Firstly the body. Smooth and well cut, it could have been left as is but the sealant had to go so I could prime it for painting. Sanding by hand using 120, 400, and 600 grit sandpaper as I went, the sealant varied from very little along the back and front to seemingly truckloads along the belly cut. Still, when I couldn't get anymore out, it didn't look too different and I couldn't see any defects. Although the painting process would reveal some anyway (sanding and spraying over the two sections along the back resolved that).

The neck feels extremely smooth and shaping the headstock didn't take long (cutting by hand with a Japanese saw). The frets felt smooth enough out of the box that only an absolute perfectionist would be sanding and polishing them. More importantly, they're also level. Which happily saved me some work! :)

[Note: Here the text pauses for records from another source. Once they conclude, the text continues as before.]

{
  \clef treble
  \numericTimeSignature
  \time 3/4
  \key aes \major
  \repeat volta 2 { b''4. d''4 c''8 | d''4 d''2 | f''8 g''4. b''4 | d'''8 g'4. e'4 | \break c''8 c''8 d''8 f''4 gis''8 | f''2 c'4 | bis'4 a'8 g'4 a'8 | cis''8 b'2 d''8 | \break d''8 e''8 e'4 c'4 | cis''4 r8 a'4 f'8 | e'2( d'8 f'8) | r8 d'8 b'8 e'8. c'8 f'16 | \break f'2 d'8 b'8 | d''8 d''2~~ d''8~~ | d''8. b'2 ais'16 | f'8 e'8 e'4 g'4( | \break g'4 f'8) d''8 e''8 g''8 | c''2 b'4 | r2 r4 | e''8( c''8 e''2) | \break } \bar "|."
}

The pickups are decent ceramic ones without much in the way of breakup at the extreme ends. Functional and certainly on a par with guitars that use ceramic pickups from any brand that cost upwards of £200 (depending on how cheeky the brand is). If you want Alnico pickups, either buy a prebuilt Harley Benton (from £110+), a Kramer VS-211 (£109+), or buy a set of Alnico pickups either to immediately replace or later on down the line (set aside £20-£30).

The tuners are much the same as any inexpensive electric guitar. They work and, with the guitar setup properly, stay in tune. Although locking tuners would be advised at some point.

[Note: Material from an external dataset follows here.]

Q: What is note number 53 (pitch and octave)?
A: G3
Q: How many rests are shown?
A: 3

The same can be said for the strings, good enough for setup but I replaced them with a set of 9s I had laying around (budget Johnny Brook brand but they sound better to me).

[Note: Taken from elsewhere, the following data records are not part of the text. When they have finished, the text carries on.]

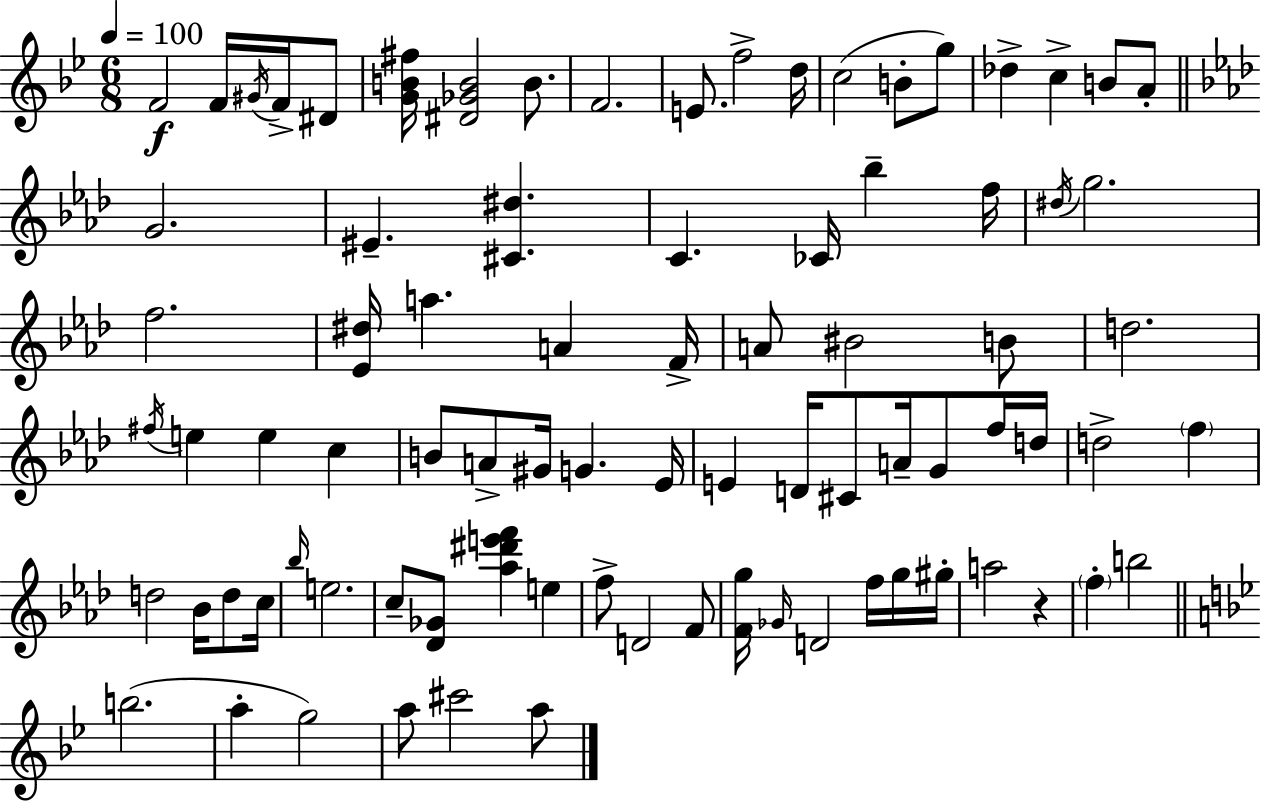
X:1
T:Untitled
M:6/8
L:1/4
K:Gm
F2 F/4 ^G/4 F/4 ^D/2 [GB^f]/4 [^D_GB]2 B/2 F2 E/2 f2 d/4 c2 B/2 g/2 _d c B/2 A/2 G2 ^E [^C^d] C _C/4 _b f/4 ^d/4 g2 f2 [_E^d]/4 a A F/4 A/2 ^B2 B/2 d2 ^f/4 e e c B/2 A/2 ^G/4 G _E/4 E D/4 ^C/2 A/4 G/2 f/4 d/4 d2 f d2 _B/4 d/2 c/4 _b/4 e2 c/2 [_D_G]/2 [_a^d'e'f'] e f/2 D2 F/2 [Fg]/4 _G/4 D2 f/4 g/4 ^g/4 a2 z f b2 b2 a g2 a/2 ^c'2 a/2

The real joy though is having a guitar that you painted and put together without any need for soldering. Straight out of the box, you could have this all put together in about an hour or so - although if you're going to be painting this, obviously expect to add days to the build time to allow for adequate drying time as you build up the layers. Paint and lacquer (or clear coat if you go with that instead), expect to set aside around £15 or monetary equivalent for primer, main colour, and lacquer. Of course. if you have unused paint/varnish laying about...

Overall, I'd say if you're willing to budget about £50 extra to cover any tooling and materials you'll need, you'll have a perfectly playable guitar that will not look like any other and, provided you can play well enough, will impress all around you. Expect to tell the story of your kit build many times over! I built this for my sister for her to learn to play guitar on. I wouldn't be at all surprised if I get requests...

I give this kit 4/5 overall - but the enjoyment I derived from the entire project means it gets top marks 5/5 from me!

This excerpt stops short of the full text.